Transcribe the data that follows in full. Leave out the pictures.

**** DATA BELOW ****

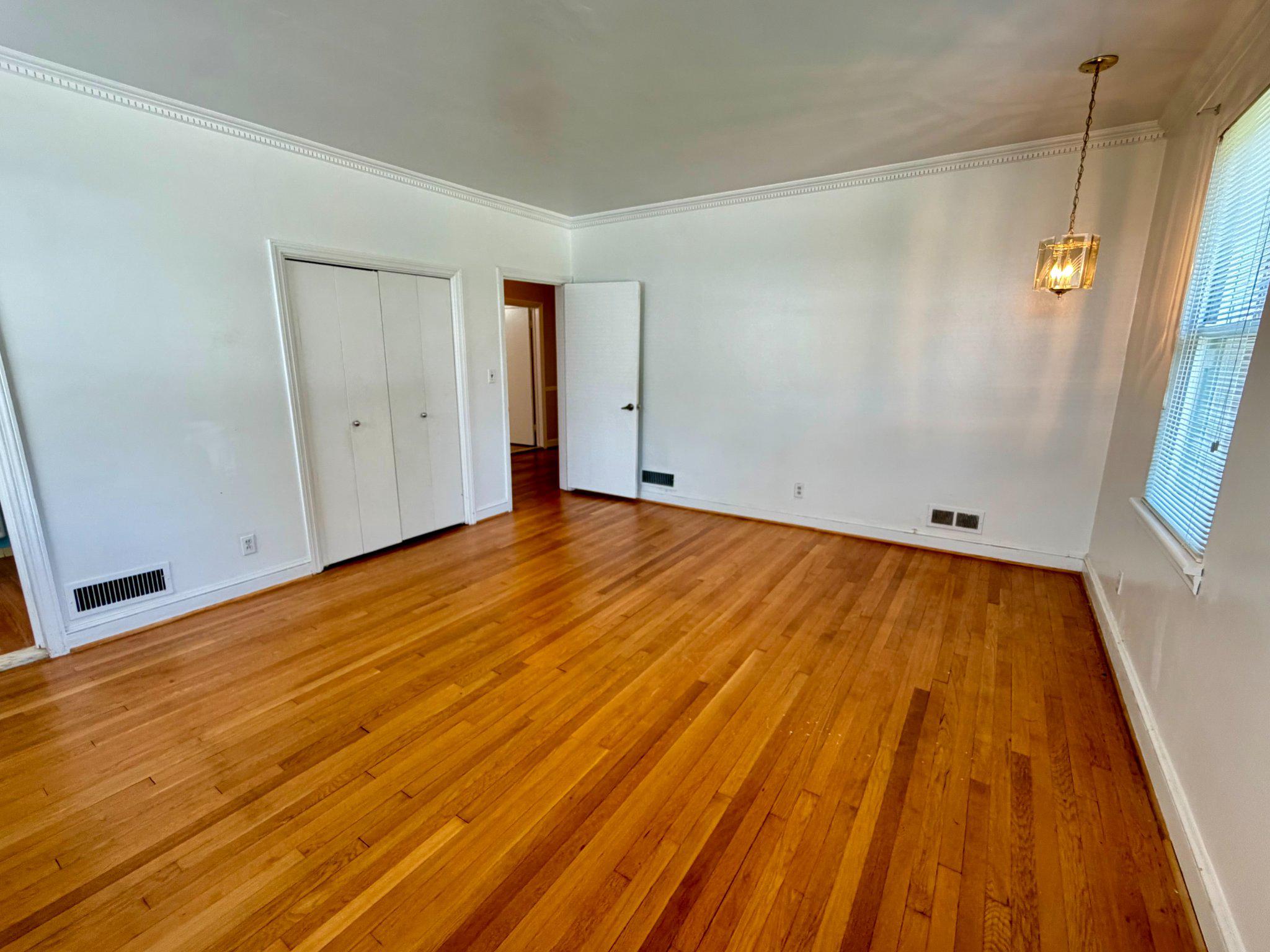 6318 Winner Avenue Baltimore, MD 21215 - Photo 39 of 75 Spacious Master bedroom with warm wood floors.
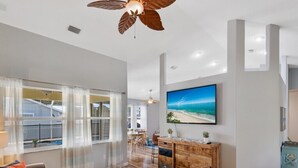 Un salon spacieux avec une grande télévision, des meubles en bois et une vue sur l’extérieur.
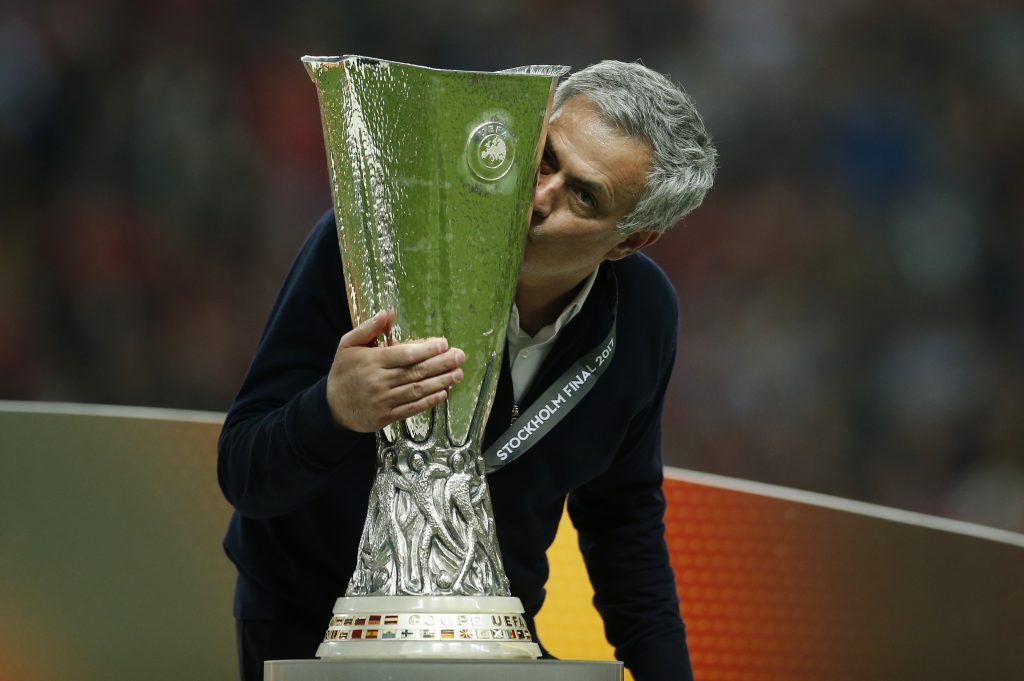 Manchester United manager Jose Mourinho celebrates winning the Europa League with the trophy.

****

_RESPONSE TO THE EXERCISE_
 6318 Winner Avenue Baltimore, MD 21215 - Photo 39 of 75 Spacious Master bedroom with warm wood floors.
 Un salon spacieux avec une grande télévision, des meubles en bois et une vue sur l’extérieur.
 Manchester United manager Jose Mourinho celebrates winning the Europa League with the trophy.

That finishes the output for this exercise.